We are People, not Attractions.


You can’t have failed to notice the huge amount of media coverage The Tab has received recently. Massive outrage just because Cambridge students have decided to do something a little less pretentious, a little less stereotypical than the rest of the world would have us be. In any other university (well, except Oxford) having a tabloid edge to a student newspaper wouldn’t cause anywhere near this much controversy.

The Guardian, the Daily Mail, the Sun, all national newspapers: all felt that ‘Tab Totty’ was shocking enough to justify nationwide media coverage. Were those photos of a legal, consenting and over-age student in a bikini really so scandalous as to justify that? Hardly. I’ve seen worse on my Facebook news feed. Which leads to the inevitable conclusion that its because it was a Cambridge student in the bikini.

We’re just students. Normal, almost socially acceptable teenagers doing all the things that 19 year olds like to do on a daily basis. Yes we’re at a really good university, but why do the public assume we have to be a little bit weird, or a little lacking in social skills/ human contact to be here? Walk down Kings Parade and on any given day there’s hundreds of tourists crowding the streets, desperate to catch a glimpse of the elusive ‘Cambridge Student’, often seen cycling with textbooks in the basket, hurrying back to it’s normal habitat of the library. Now Cambridge is a nice place, and obviously they’re there because they want to see all the pretty buildings too but being gawked at by tourists because you accidentally wore college stash on your “can’t be bothered to dress up jeans and hoody day” is bad for the soul, while getting photos taken of you when you’re just out running errands is surely an invasion of some privacy right.

Tourists-sure, come visit, Cambridge the town loves that; we off those red tourist buses and everything- but don’t make the students feel like circus freaks. It’s bad enough having random members of the public wandering around the colleges which, though to them are just a novelty of the university, are our homes during term time. If you actually think about it, it’s really quite bizarre to have trip groups having a nosy round where we eat, sleep and shower.

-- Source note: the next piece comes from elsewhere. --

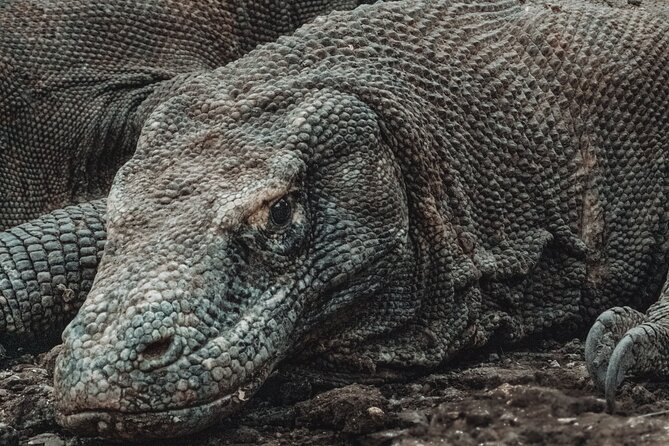 2-Day Komodo National Park and Rinca Island Wildlife Adventure from Bali - Why this Komodo side trip is worth considering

But those who make the pilgrimage down here aren’t the only ones to subscribe to the Cambridge phenomena. Google ‘Cambridge myths’ and there’s 4,130,000 results. The University’s Wikipedia page even has a separate section devoted to them. Google ‘interview myths’ and you’ll find even more. Anyone not here builds up this mythological idea to such an extent that ‘Cambridge’ stops seeming like a real place. There’s an assumption that either we’re all posh twats who join secret societies to mock anyone without a country house in Warwickshire or we’re socially incompetent nerds who though able to cite Pi to the 75th decimal can’t hold a conversation with anyone that doesn’t occur through an internet chatroom, preferably on a Dungeons and Dragons fan site. That’s all very well, but the reality is we’re a bunch of kids studying at university just like goodness knows how many other 19-21 year olds in the UK.

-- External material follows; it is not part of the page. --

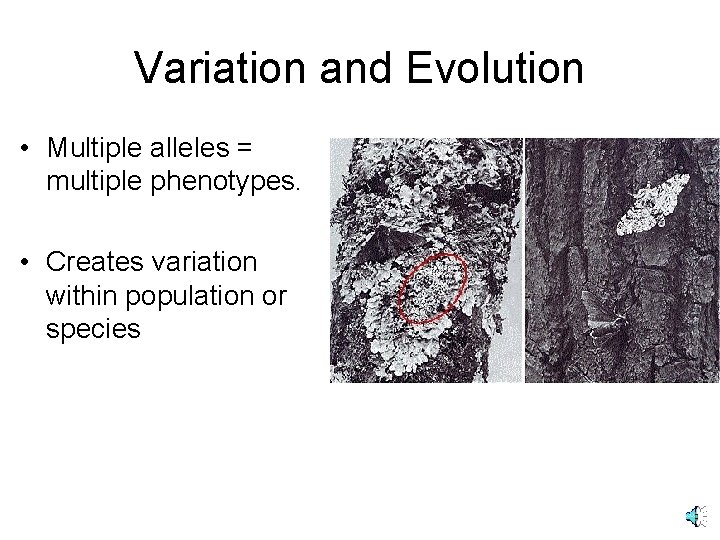 Variation and Evolution • Multiple alleles = multiple phenotypes. • Creates variation within population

The stories I hear from my friends at other ‘good’ universities are usually much more shocking than Tab headlines, but just because a group of Cambridge students end up going out, getting drunk and doing something stupid one night suddenly it’s worthy of the national press. The ITV show ‘Trinity’, set at a fake Oxbridge college, is a prime example of the ridiculous fascination people have with Cambridge, and while the myths are fun, and while there are a few slightly bizarre traditions (week starting on Thursday anyone?) it’s still a normal place. And there is no legitimate reason why we should receive backlash for acting in the same way as every other university student in the UK, just because we achieved getting a place at this one. We’re not particularly special, we’re not circus freaks; we’re just people trying to live in this ever so slightly bizarre bubble of a university. So leave us be, yeah?